I too, take a long midday break and we all need it. At the mid-year mark a few weeks ago, I thought about what was working with our days and what wasn't and made some changes, but kept the midday break. My kids are willing and able to come back after the break, but not for math or writing. It works out for us to have history and religion/art/science after lunch, but not much else. Our days had been starting later and later with more pauses between subjects until we were lucky to get math and one other thing done before lunch and then we were still working when Dan came home and everybody was fried. My solution was to start putting times up on our corkboard (that already listed the day's subjects). I was worried that we'd get behind due to me, not them, and it would be useless, but seeing the times helps all of us. If we end up taking a long time for breakfast and starting half an hour late, I adjust the times so it won't be hopeless from the start, but I try not to. I'm more motivated to give the kid who's not working with me his reading book for the day instead of letting him wander off. I began assigning anything a putzing child didn't finish as homework instead of letting him suck up the whole morning with one math page and 2 copywork sentences. I find that I'm spending less effort cajoling kids to keep going and saying alright, it's done, it's 10:45, on to spelling, you'll do it with Dad later.
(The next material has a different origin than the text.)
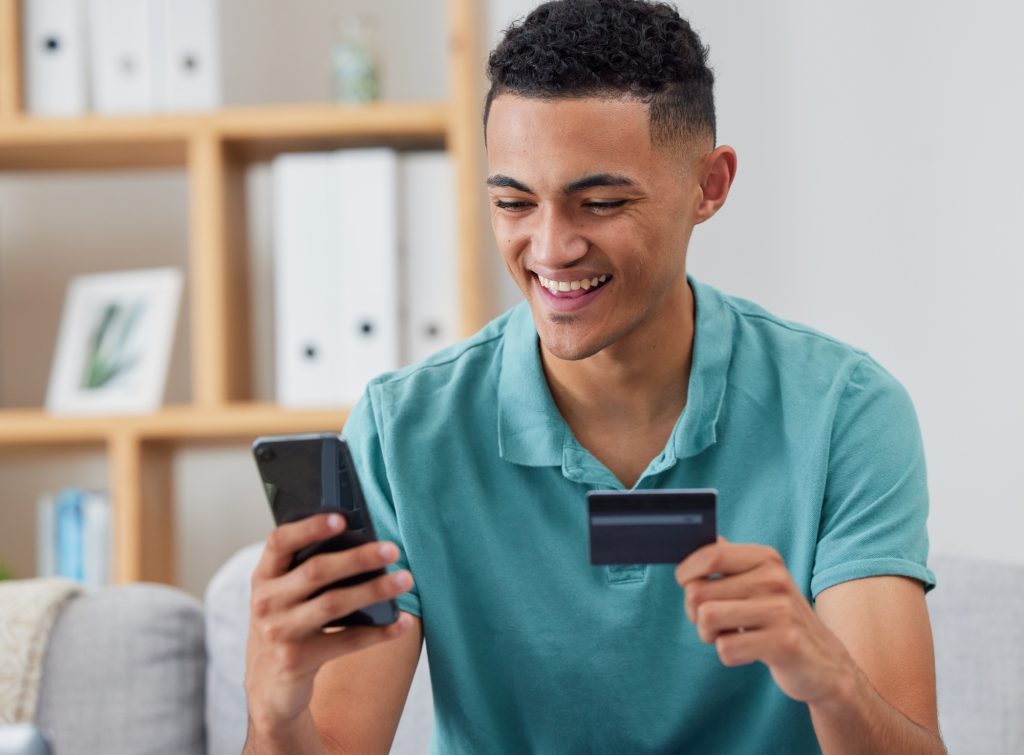 Happy man, credit card and smartphone, online shopping and fintech with payment and discount on sto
I was afraid of scheduling times, but there's only so much loosey-gooseyness we can handle, apparently.


I have found that having a routine, or even just a loose "things that need to happen in this time period" actually makes it easier to deal with unforeseen (or foreseen but unplanned) events, because you know where you need to take up again. I realized this at work, where each shift has a sort of skeleton of tasks that need to or should be done, as opposed to at home, which was 100% chaos 100% of the time. But even if something massively disruptive (say, cardiac arrest) happened (at work! So far no cardiac arrests at home, thank God.) that meant everyone had to stop what they were doing, it was okay, because there was a good idea of what remained to be done once we had a handle on the acute situation. A semi-routine also makes it easier to prioritize tasks in my experience. Figuring this out has made a huge difference in my stress levels! I guess you need to have a routine so you can blow it off.

I still wish I had a house, and a housekeeper, and a car. So total serene acceptance is a way off.


AmyF, I think I really need to follow your lead re: posting times. I have a schedule for each day written down, but it's not "published" -- the kids can't see it! Which means that I am not accountable to them for wasting their time. It also makes it hard for my oldest child to plan when he is going to get to use the computer for his schoolwork without me having to kick him off, and when he is going to meet with me to get feedback on his independent work,


I have a strong need to "make order" in my house and I've gotten it down to a science (45 min tops to clean kitchen, start a load of laundry, collect dirty laundry, make/tidy up beds/ wipe down bathrooms). What helps me is to have somewhere to go so I don't waste time on computer. Having too much time on my hands is not good for me. So for me, having more structure during the day is better for my productivity. Obviously, I don't homeschool and its easier to impose structure on oneself than enforcing structure on others. I do think it's a good thing to take a break and chill in the middle of the day. In my children's elementary school, math and language arts are taught in the morning and science, social studies, phys ed, specials are after lunch.